A delicious Thai-inspired rice noodle soup that is as delicious as it is beautiful! We use chicken, but tofu is an excellent vegan/vegetarian substitute.
Ingredients
  • Chicken:
  • 1 Tbsp (15 ml) coconut oil
  • 4 servings chicken, cut into bite-sized pieces, can be left-over or cooked while the soup is simmering
  • Soup
  • 1 tsp (5 ml) coconut oil
  • 3 cloves garlic, minced
  • 1 thumb-sized piece of fresh ginger, peeled, minced
  • 3 Tbsp (45 ml) Red Thai Curry paste
  • 2.5 cups (600 mL) chicken or vegetable broth
  • 1 red bell pepper, sliced thinly and halved
  • 1 can (400 ml) full-fat coconut milk (reduced fat will work, but less flavorful)
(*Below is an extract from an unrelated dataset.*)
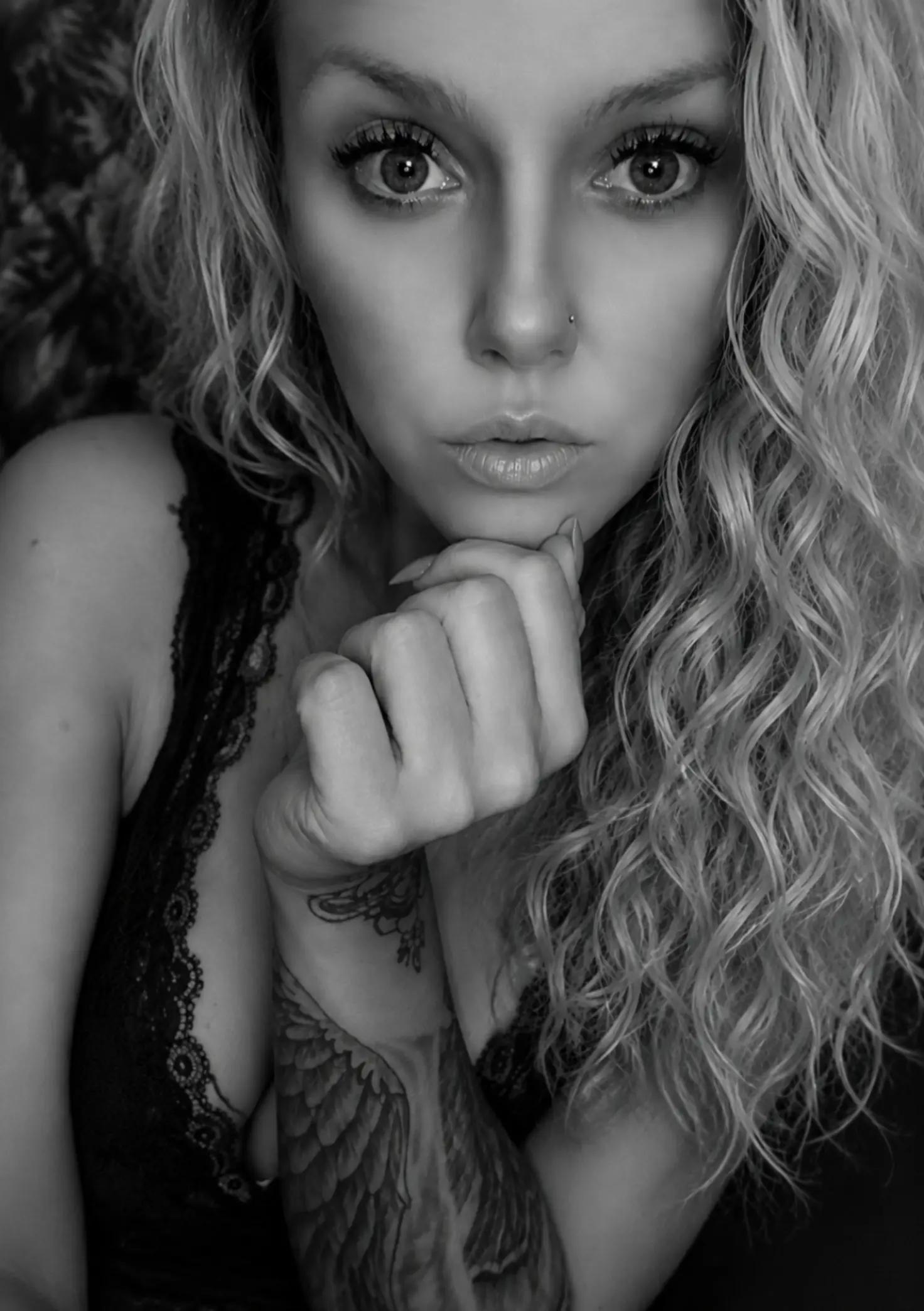 @Czarodziejka myśli ...💞🌹🥰💝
  • 2 Tbsp (30 ml) Gluten-free soy sauce or coconut aminos
  • 4 servings (~200 g) rice noodles, linguine style
  • 2 small heads bok choy, ends trimmed and washed, leaves halved (can substitute other greens)
  • Optional Toppings: Sliced green onions, fresh basil leaves, lime wedges, sambal hot sauce
Instructions
  1. If cooking chicken (or tofu): Add coconut oil to a pan on medium heat. When the oil is melted and evenly coats the pan, add chicken. Place a lid over the pan and allow it to cook. When the edges of the chicken pieces appear cooked, flip the pieces with a spatula or tongs. Continue to check until pieces are cooked through (about 5-7 minutes). Remove from heat and set aside.
  2. Meanwhile, in a large pot on medium heat, add coconut oil, garlic, and ginger. Cook until the garlic is just beginning to turn golden. Add red curry paste and cook for about 1 minute more, stirring constantly.
  3. Add broth, bell pepper, gluten-free soy sauce (or alternative). Allow to simmer for 5 minutes, then add the rice noodles, bok choy, and coconut milk. Allow to return to a simmer for 4-5 more minutes, until the noodles and greens are soft.
  4. Add chicken, optional toppings, and serve warm. Enjoy!
Notes
We recommend preparing all the vegetables first. Once you begin making the soup, the process moves quickly!
Make it your own:
Swap out the greens, add additional veggies, or make it vegan by frying tofu instead of chicken.
Cooking in a dorm or while traveling?
For a single serving, add 1 cup of broth, a dash of ginger and garlic powders, ½ Tbsp gluten-free soy sauce, a little less than 1 Tbsp Red Curry Paste to a glass jar with lid. Mix ingredients well by shaking and add 1 serving of rice noodles (use thin noodles like vermicelli). Microwave/heat until steaming. Add fresh spinach and a few splashes of canned coconut milk to taste. Add toppings. I would eat this soup with gluten-free canned chicken or with a hard-boiled egg on the side.